Enigma ”A Priori”

Twórca jednego z najciekawszych projektów muzycznych lat 90 zjada własny ogon. Michael Cretu w latach 80 wylansował swoją żonę Sandrę, a potem wpadł na pomysł połączenia gregoriańskich chorałów z klubowymi rytmami i całą gamą sampli począwszy od Pink Floyd, a na mongolskich przyśpiewach kończąc.W ten sposób powstał pierwszy album Enigmy „MCMXC a.D.” z pamiętnym przebojem „Sadeness Part I”. Muzyk z istniejących już utworów innych wykonawców stworzył nową jakość – taneczne, niemalże transowe klimaty podszyte dodatkowo szczyptą filozofii. Charakterystyczny styl rozwinął na drugiej płycie „The Cross Of Changes”, na której wykorzystał ludowe rytmy z różnych zakątków świata. Dzięki temu, najpierw został okrzyknięty twórcą „cathedral pop”, a potem inspiratorem jednego z najbardziej nośnych trendów lat 90 – ethnic music.

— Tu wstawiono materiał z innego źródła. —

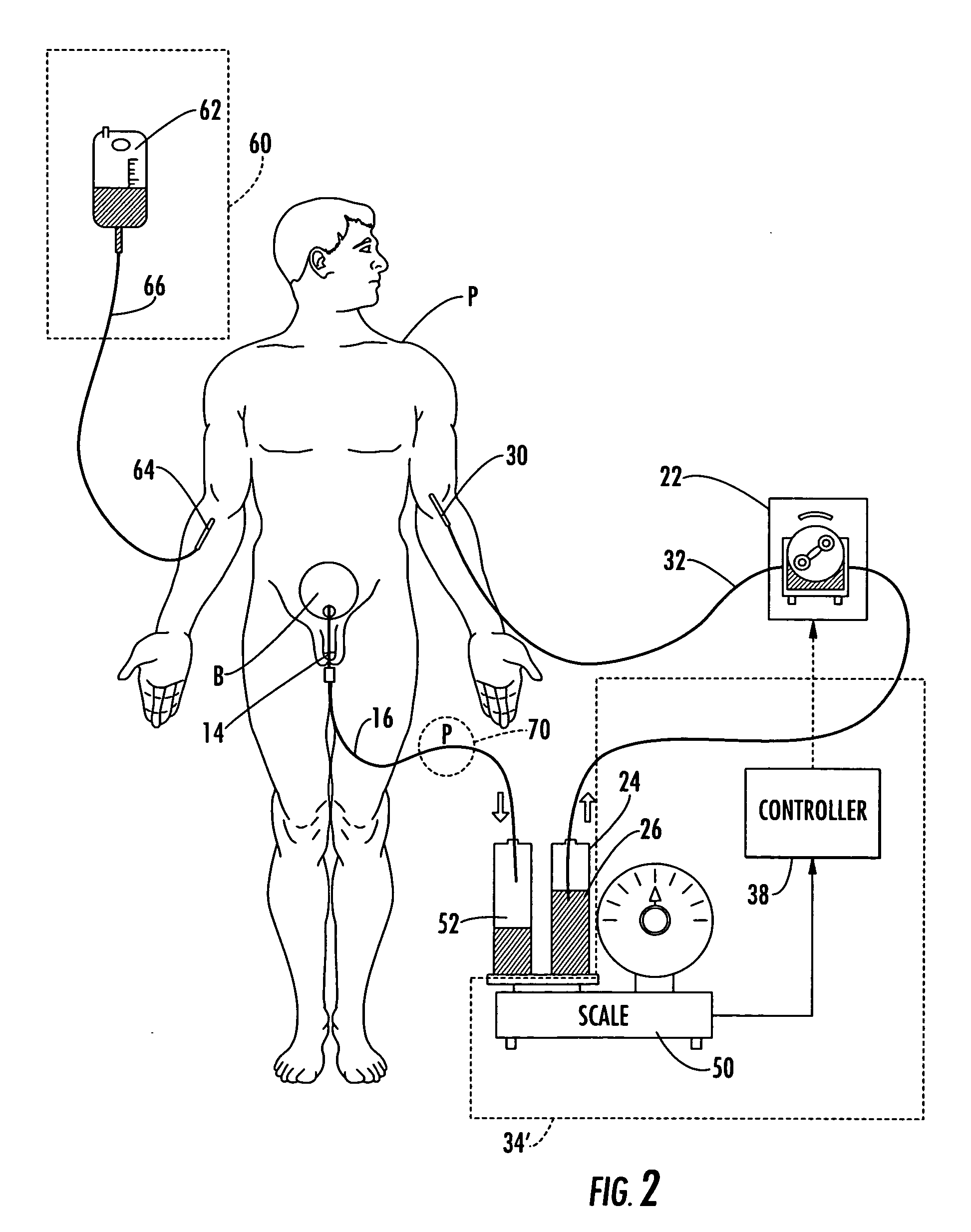 Patient hydration system and method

Jednak wraz z następnymi płytami pomysły Cretu zaczęły się wyczerpywać. Na trzecim krążku „Le Roi Est Mort, Vive Le Roi!” zaczął kopiować samego siebie. Nieco lepiej wybrnął na „The Screen Behind The Mirror” układając płytę pod koncepcję podsumowania działalności projektu. Trzy lata temu wydał udany krążek „Voyageur”, w którym bardziej niż kiedykolwiek zbliżył się do nowoczesnego euro-popu.

Najnowsze dziecko Cretu (bez udziału Sandry, która do tej pory była głosem Enigmy) jest nijakie, wtórne i bezbarwne. Kompozytor pracował nad nim tak jak zwykle – odizolowany od świata na hiszpańskiej Ibizie. Próbując wskrzesić ducha pierwszej płyty, zrezygnował z cudzych sampli, zaś całość nagrał na starym syntezatorze. Może dlatego poszczególne utwory brzmią jak echo wczesnych nagrań Jarre’a i Oldfielda. Rozpoczynające płytę „Eppur Si Muove” oraz „Feel Me Heaven” – obudowane wokół połamanych rytmów – są nawet intrygujące, ale im dalej w las, tym coraz bardziej banalnie i przewidywalnie, zarówno muzycznie, jak i tekstowo.

Michael Cretu mieszkając na ciepłej wyspie, nie tylko nie dyktuje już muzycznych mód, ale zapomniał kompletnie, czym żyje reszta świata. „A Priori” (łac. „po fakcie”) nadaje się jedynie do puszczania w supermarketach jako tak zwana „muzyka relaksacyjna”. I na tym proponuje zakończyć żywot tego niegdyś ciekawego projektu.